We can remove duplicate code from our TestProject test suite by using web actions. Even though web actions make our life easier, they have a access to the entire DOM, and this can make our test code more complicated than it could be. This blog post describes how we can solve this problem by using web element actions.

After we have finished this blog post, we:

  • Know what a web element action is.
  • Understand when we should use web element actions.
  • Can write a custom web element action with TestProject.
  • Know how we can run our web element actions on a local development environment.
  • Can configure the root element of our web element action when we upload our addon to the app.testproject.io website.

Let’s begin.

This blog post is the tenth part of my TestProject tutorial that is sponsored by TestProject.io. However, the views and opinions expressed in this tutorial are mine.

This blog post assumes that:

By the way, you might want to read the other parts of my TestProject tutorial.

What Is a Web Element Action?

A web element action is an action whose scope is limited to the child elements of the specified root element. In other words, a web element action should process only the child elements of the configured root element.

If you must violate the scope of a web element action (you must access the whole DOM), you can get a WebDriver object by invoking the getDriver() method of the WebAddonHelper class.

For example, let’s assume that we want to create a web element action that supports the Kendo UI grid. When we create this web element action, we have to:

  • Identify the root element of the Kendo UI grid.
  • Implement our web element action.
  • Configure the element type which allows the TestProject framework to locate the root element of the Kendo UI grid. An element type identifies the root element by using an XPath expression and multiple web element actions can share the same element type. This means that:
    • If we want to write multiple web element actions which support the Kendo UI grid (or any other component), our web element actions have less code because we don’t have to write the code which locates the root element of the target component.
    • We can make our tests a lot simpler by leveraging the web element actions found from the TestProject Addon store. These addons save us a lot of time when we are dealing with complex UIs because the TestProject framework locates the required components for us and the web element actions allow us to interact with the found components. In other words, we can write (or record) our tests without digging into the complex DOM.

When we run our web element action, the TestProject framework locates the root element of the Kendo UI grid and defines the scope of the invoked web element action by passing the root element to the action.

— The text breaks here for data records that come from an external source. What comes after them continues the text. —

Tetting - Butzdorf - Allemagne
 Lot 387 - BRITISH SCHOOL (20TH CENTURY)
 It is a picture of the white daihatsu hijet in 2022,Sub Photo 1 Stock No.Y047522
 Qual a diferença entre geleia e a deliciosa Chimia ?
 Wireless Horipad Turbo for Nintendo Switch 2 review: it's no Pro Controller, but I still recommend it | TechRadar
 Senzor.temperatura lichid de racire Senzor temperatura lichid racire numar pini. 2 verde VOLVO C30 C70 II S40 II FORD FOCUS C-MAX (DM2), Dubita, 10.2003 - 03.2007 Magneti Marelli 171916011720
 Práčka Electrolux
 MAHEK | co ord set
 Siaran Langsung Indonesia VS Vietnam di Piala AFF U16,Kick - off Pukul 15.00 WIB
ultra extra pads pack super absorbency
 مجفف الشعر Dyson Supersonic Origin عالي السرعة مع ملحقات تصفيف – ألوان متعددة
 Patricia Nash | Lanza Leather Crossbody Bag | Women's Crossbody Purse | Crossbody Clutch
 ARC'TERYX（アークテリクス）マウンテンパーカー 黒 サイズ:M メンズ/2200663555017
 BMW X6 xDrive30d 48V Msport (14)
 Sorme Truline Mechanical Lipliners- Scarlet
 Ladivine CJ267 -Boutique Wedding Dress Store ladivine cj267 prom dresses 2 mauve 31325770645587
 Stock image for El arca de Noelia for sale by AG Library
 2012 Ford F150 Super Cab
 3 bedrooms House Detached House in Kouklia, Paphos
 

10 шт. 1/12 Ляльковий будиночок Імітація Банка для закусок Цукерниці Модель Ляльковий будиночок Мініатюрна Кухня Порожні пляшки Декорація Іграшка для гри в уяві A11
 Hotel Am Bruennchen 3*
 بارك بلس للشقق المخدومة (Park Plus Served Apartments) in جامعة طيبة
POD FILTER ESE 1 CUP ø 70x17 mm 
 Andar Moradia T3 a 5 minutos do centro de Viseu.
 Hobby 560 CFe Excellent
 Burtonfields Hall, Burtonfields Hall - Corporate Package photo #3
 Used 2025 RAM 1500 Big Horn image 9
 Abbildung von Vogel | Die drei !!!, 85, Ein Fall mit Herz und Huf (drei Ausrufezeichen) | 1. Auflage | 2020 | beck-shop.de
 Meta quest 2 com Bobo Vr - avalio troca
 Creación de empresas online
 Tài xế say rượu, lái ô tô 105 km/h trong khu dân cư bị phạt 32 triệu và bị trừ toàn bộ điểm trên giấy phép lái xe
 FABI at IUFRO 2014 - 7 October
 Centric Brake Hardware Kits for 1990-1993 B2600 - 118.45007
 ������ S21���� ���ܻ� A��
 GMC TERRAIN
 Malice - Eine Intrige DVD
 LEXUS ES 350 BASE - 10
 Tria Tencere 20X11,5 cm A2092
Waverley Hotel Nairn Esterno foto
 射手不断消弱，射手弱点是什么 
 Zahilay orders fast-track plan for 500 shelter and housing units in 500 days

The following figure illustrates the scope of our web element action:

The benefit of this technique is that our web element action doesn’t have to know anything about the structure of the displayed HTML document. This means that we can write simple web element actions which have only one purpose: perform an operation X to the component Y or extract information from the component Y. These actions are easy to read, write, and maintain.

A web element action is an extremely useful tool when we have to write tests for a web application that has components which are shared by multiple views. For example, if our web application uses a component library such as Kendo UI or Material-UI, we should use web element actions in our TestProject tests.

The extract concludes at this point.